All are these sources of information were useful at the time of their creation.  Depending on your strategy for incoming documents, you may have automatically extracted the necessary data and kicked off subsequent business processes, or this may have been manual.  Over time, with growth in your data storage (volume doubles every 18-24 months), if the data isn’t structured, it becomes a fatberg , clogging the arteries of your business.  By contrast, when data is structured, it is easily organised, and sets up your business for automation.

Data in business exists in 3 forms:  Structured, semi-structured and unstructured.

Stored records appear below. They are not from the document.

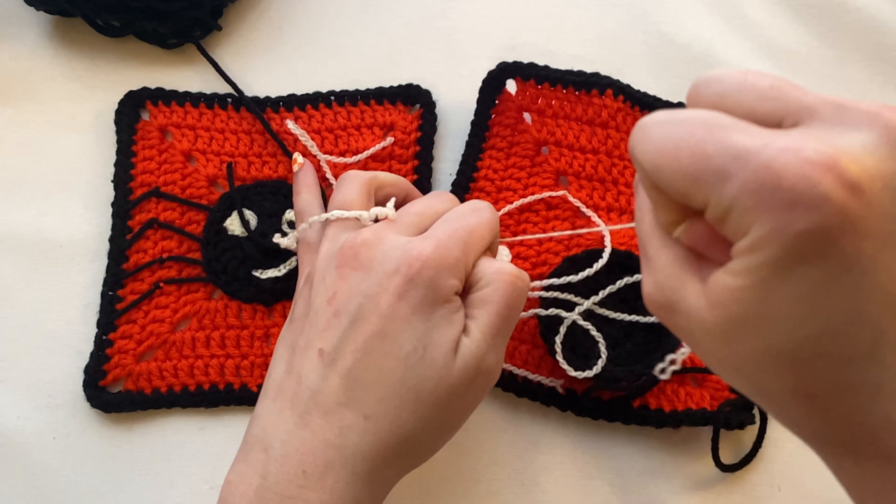This one isn't blocked yet so once it's blocked it'll be a little flatter and better, but he is still very cute. So yeah, this is the cute little spider! If you make him — whether in the same colors or different colors — please post it on Facebook or Instagram and tag me; I really want to see them. For tomorrow's video we're not doing a solid background this time. We'll be making two squares, so you'll need black, white, red, and orange — that's all I'm telling you. Let me know what you're currently working on down in the comments, and as always thank you so much for watching. I can't wait to see you in tomorrow's video — have a wonderful day, bye!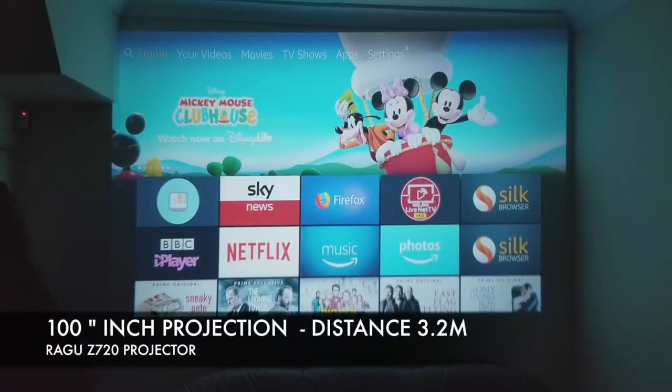We are now projecting a 100 inch screen on that wall in front of us and the projector is set up around three meters away.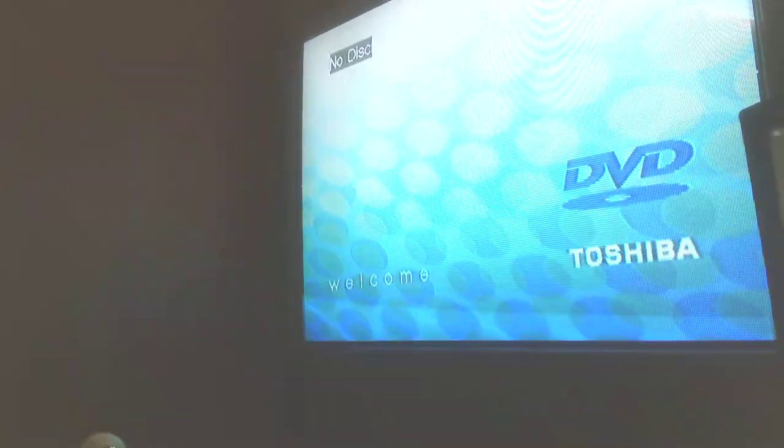Hello everyone. In this video I'm going to show you news about my Cinderella VHS and my VHS player. My TV right here is part of my gaming setup, and inside this VHS player is my Cinderella VHS.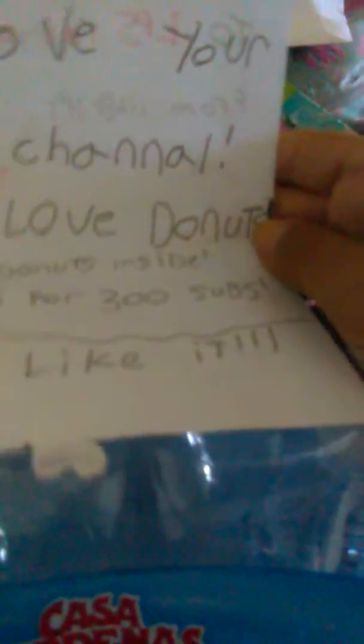Let's see if we have a profile picture. And then she gave us these little accessories. Now let's open this up. It has a sticker. Let's read this. 'Hi, I love your LPS YouTube channel.' Oh yes, I love donuts. By the way, DIY donuts inside. Congrats for 300 subs. Hope you like it.' That's when I got 300 subs, which feels like about...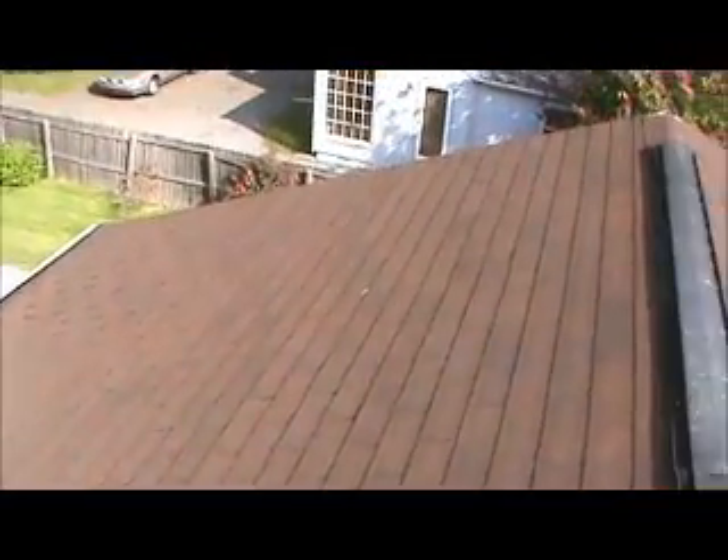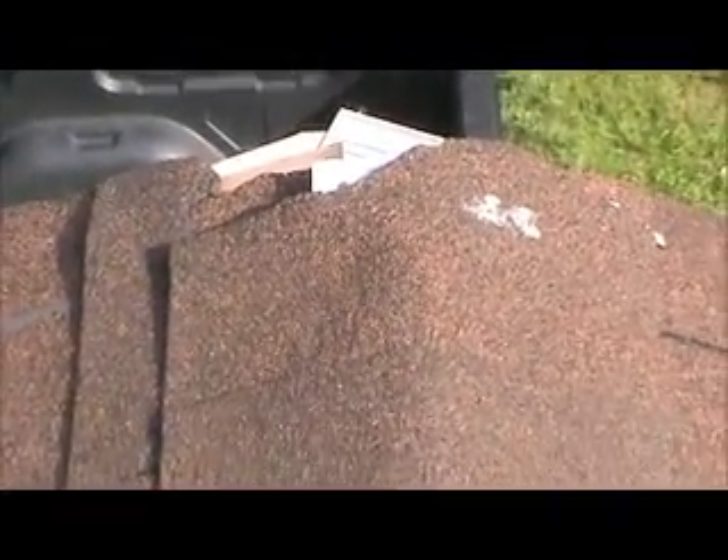This is the left front of the roof. He's going to want new gutters and downspouts also. This is the left rear — we've got a hole right here through the shingles.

Structured Data is clearly identified by type of record, has key metadata captured for each data element, and exists in a searchable format.  The metadata attached to each data element includes standard information such as creator, data and time of creation, location, record type, as well as data specific to the type of record might.  Additional metadata might include customer name, employee number, account number, or vendor number.  When the data element is a recorded in a database (eg purchase order), the database system automatically creates the metadata.  But what if the data element is an email?  Or a customer credit application?  Or a box of paper invoices? Some data is innately structured as part of its creation, but other data needs additional work to create the structure.  Examples of structured data include a transaction record in a database, a PDF customer file in searchable text format, with metadata tags of customer name, customer number and date, a PDF remittance advice in searchable text format which includes customer name, amount, date and invoice reference.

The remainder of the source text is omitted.